I think that's why trans storytelling is so important right now — because most people don't know us. We're still in this phase where people don't even know us. And when they do know us, something shifts. Also, we can't come in and say, “Care about trans rights, care about LGBTQ+ rights,” if we don't care about the quality of the water in someone's tap and how expensive their groceries are. And that's where it starts becoming, I think, easier to make inroads: when we connect it to everyone's common struggle.
I want to shift to your influence. Your name comes up often — in conversations with people like queer icon Margaret Cho. You've also had a meaningful impact on people like Demi Lovato. How does it feel to be recognized by those who see you as a pioneering voice for queer representation in the arts, comedy and beyond?
It's pretty cool, I'm not gonna lie. And it's that Texan in me that also is like, all these big people also have small feelings. I think we forget that, too, that these are just human beings. I'm a big believer that our heroes should be our peers. Our heroes don't just need to be mythological figures from the past or people we look up to from a distance. It should be our friends in our community.
It's been my peers in the industry who have been the ones who have told me like, “Girl, you're doing amazing work. But are you sleeping?”
Do you plan on doing this until you're 50?
I'm gonna do this until I die. I mean, hopefully, and I'll hopefully live beyond 50. But I genuinely feel like I have found my purpose on Earth, and I feel like when I'm on stage. I'm the freest version of me I've ever been, and I love being on stage so much. Now I've been a stage performer for about 15 years, and in each year it gets sweeter and sweeter and better and better and better, and I want to be able to do this forever.
These anti-drag laws hit me at a deeper place than anything else because I had always understood the stage as a sanctuary where I could be me. Then I started to realize they're coming for stages, too, and for art. That's felt really confronting and has been a hard pill to swallow.
With this being Pride Month, what does Pride mean to you in this current political era?
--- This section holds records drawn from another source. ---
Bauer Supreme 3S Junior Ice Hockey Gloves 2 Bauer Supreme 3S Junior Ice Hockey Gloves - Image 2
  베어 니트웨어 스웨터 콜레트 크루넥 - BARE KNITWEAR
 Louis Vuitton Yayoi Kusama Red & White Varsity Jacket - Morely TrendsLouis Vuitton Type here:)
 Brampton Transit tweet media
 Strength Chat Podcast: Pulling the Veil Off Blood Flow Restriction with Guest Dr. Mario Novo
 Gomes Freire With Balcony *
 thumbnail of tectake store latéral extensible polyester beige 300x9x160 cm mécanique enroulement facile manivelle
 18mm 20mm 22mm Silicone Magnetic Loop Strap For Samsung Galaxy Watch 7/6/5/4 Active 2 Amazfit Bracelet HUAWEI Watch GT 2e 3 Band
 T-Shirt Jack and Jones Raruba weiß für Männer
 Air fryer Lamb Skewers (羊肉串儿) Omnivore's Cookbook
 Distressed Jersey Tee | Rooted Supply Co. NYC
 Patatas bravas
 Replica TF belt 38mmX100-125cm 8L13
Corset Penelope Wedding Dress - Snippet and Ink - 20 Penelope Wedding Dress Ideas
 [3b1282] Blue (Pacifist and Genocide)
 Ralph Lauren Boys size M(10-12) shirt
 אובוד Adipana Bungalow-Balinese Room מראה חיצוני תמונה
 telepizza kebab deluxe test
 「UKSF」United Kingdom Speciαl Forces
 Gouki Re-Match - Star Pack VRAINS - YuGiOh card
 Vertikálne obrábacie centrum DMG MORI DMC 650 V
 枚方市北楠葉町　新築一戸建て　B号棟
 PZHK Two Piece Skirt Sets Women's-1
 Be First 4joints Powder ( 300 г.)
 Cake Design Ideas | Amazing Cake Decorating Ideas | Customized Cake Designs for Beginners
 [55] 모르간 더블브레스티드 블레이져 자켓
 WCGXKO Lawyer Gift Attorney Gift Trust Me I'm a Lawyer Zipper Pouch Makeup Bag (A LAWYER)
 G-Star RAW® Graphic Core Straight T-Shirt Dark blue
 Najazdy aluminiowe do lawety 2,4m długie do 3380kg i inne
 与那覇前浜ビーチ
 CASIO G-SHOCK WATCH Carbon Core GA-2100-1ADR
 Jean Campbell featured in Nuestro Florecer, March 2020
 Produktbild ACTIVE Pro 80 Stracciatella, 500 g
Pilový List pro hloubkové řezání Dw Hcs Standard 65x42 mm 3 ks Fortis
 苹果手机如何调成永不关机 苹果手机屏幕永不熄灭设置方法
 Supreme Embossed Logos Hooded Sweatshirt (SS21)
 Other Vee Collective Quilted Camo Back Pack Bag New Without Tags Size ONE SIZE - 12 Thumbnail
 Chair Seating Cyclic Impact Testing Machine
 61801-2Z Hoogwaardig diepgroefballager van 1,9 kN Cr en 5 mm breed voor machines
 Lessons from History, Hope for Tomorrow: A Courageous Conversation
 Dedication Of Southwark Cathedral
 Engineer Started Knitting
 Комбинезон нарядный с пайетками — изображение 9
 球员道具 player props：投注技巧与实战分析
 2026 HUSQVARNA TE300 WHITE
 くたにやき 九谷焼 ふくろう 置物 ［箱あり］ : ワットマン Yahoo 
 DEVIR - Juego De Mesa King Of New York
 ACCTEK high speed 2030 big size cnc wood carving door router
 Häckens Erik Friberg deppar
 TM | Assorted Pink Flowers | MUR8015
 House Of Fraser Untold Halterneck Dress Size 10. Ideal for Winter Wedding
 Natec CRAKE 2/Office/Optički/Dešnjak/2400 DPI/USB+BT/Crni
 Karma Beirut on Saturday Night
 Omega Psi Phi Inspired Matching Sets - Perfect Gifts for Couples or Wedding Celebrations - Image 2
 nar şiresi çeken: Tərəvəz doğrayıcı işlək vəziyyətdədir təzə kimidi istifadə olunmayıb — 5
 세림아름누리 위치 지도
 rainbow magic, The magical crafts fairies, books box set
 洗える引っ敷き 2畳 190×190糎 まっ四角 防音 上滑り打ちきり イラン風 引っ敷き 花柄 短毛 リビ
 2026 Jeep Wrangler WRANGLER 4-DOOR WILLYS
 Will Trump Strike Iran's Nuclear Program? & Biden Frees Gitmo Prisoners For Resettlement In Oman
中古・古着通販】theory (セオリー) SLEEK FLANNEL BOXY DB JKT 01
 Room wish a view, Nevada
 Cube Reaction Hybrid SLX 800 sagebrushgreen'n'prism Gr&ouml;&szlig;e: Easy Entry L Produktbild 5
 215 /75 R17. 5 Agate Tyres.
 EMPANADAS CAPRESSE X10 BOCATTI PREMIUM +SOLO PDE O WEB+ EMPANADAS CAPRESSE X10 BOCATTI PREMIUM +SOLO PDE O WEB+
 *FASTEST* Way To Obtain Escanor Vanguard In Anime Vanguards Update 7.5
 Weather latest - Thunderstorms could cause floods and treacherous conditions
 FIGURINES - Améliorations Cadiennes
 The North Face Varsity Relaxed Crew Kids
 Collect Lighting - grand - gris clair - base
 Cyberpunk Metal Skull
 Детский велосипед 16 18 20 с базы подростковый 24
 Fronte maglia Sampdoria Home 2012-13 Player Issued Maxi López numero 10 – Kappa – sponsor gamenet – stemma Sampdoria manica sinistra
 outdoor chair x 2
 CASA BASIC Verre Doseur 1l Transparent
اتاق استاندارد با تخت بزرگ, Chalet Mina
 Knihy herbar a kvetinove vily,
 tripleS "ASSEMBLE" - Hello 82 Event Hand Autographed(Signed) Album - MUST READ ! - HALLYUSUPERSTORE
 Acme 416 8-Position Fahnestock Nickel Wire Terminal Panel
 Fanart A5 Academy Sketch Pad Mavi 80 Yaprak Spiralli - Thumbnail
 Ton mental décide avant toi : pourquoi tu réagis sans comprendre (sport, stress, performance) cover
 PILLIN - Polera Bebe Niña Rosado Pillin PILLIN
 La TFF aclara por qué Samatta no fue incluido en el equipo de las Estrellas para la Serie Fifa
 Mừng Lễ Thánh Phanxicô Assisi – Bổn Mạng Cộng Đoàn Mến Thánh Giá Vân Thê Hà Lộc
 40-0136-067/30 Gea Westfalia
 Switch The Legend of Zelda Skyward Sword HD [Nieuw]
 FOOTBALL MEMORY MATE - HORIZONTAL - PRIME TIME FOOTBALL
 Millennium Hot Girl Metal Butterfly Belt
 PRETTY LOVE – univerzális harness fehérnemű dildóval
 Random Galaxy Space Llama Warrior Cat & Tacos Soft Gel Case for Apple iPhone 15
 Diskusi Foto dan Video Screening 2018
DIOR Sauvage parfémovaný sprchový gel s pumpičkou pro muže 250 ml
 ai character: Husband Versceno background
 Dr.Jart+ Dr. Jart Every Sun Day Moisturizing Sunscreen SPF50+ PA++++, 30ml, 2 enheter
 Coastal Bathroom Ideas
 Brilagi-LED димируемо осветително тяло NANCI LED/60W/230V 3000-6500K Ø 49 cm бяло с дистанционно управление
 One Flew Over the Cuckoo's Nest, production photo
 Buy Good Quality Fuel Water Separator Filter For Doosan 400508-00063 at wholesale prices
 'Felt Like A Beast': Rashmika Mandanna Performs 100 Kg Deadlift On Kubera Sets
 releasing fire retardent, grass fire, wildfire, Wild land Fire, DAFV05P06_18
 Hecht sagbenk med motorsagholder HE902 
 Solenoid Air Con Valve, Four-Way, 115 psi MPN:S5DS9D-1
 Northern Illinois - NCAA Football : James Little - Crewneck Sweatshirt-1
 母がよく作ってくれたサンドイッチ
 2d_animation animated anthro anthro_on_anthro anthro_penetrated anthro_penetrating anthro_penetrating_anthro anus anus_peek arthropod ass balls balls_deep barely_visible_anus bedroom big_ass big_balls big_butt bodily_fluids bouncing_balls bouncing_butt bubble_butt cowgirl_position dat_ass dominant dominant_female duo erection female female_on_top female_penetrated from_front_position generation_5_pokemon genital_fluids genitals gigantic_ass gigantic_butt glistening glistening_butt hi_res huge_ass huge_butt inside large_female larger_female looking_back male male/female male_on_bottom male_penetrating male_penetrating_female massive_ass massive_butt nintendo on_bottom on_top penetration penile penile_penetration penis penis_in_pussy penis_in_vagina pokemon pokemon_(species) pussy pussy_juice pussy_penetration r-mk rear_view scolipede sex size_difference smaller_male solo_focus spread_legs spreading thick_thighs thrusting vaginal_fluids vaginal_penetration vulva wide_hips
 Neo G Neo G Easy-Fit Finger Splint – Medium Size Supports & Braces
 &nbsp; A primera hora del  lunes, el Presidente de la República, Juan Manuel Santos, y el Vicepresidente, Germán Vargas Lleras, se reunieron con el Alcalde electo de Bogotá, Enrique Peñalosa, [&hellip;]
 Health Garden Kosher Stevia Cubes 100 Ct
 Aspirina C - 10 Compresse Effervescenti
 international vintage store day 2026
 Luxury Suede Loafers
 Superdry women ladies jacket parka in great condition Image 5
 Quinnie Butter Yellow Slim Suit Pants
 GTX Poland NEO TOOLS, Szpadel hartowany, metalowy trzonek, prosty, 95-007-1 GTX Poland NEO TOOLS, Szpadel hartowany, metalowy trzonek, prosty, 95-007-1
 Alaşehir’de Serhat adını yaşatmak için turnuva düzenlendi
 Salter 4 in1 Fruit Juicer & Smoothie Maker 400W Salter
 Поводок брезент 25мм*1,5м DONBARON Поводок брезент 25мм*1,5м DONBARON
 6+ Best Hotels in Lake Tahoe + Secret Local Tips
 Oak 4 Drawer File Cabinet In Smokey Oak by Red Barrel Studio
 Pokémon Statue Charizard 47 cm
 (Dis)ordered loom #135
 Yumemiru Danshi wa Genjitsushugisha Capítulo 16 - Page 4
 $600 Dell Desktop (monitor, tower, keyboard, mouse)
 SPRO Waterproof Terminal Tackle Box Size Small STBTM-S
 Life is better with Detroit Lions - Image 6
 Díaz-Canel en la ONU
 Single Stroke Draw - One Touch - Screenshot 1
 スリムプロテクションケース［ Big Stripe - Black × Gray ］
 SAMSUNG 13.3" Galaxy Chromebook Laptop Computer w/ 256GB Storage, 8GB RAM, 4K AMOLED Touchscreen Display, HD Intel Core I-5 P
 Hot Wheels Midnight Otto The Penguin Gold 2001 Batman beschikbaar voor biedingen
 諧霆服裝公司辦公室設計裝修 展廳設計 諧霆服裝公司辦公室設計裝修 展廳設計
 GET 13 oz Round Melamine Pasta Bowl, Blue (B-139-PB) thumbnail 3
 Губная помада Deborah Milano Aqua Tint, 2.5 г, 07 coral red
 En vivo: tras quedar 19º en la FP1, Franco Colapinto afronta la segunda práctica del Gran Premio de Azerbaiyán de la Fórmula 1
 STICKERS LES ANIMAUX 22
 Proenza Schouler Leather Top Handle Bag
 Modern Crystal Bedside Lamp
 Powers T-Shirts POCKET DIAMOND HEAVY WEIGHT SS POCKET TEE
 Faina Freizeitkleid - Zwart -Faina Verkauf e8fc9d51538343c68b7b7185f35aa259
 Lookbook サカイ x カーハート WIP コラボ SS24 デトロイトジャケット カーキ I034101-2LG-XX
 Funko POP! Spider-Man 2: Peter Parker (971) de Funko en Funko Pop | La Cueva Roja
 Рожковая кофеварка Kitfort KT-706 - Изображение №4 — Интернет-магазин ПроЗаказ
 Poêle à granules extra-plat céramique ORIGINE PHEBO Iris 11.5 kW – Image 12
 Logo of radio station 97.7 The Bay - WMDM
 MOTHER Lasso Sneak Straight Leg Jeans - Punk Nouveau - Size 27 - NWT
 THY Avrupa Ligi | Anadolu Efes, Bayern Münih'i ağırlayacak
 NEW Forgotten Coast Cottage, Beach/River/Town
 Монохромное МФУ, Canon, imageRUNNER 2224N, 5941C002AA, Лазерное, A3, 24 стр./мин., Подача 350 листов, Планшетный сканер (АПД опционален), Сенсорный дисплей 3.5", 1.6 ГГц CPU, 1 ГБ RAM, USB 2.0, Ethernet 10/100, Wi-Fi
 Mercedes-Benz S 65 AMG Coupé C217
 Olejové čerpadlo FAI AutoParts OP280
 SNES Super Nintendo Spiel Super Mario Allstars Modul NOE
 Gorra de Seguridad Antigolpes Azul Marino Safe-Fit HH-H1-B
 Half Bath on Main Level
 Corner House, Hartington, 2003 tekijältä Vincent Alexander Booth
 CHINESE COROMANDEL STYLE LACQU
It’s really recommitting to what the purpose of Pride was. Pride began in 1969 with Stonewall. It began because queer people came together and said, “I've had enough. Let's go back to the basics.” The basics are: We need each other. We gotta heal the rifts within us. Because the truth is, over the past decade or so we've seen a widening rift. A lot of cis gay and lesbian folks have aggressively distanced themselves from trans and gender-nonconforming people, which is so ironic because it was the trans and gender nonconforming people who, in many ways, catalyzed their own movements. So how are we supposed to win if we can't even accept each other? I’m hoping this Pride we can really take some internal inventory to actually become an LGBTQ+ community again and heal those rifts. Because when we don't heal those rifts, I think it's really easy to create a culture of fear-mongering and polarization, because we don't have unity.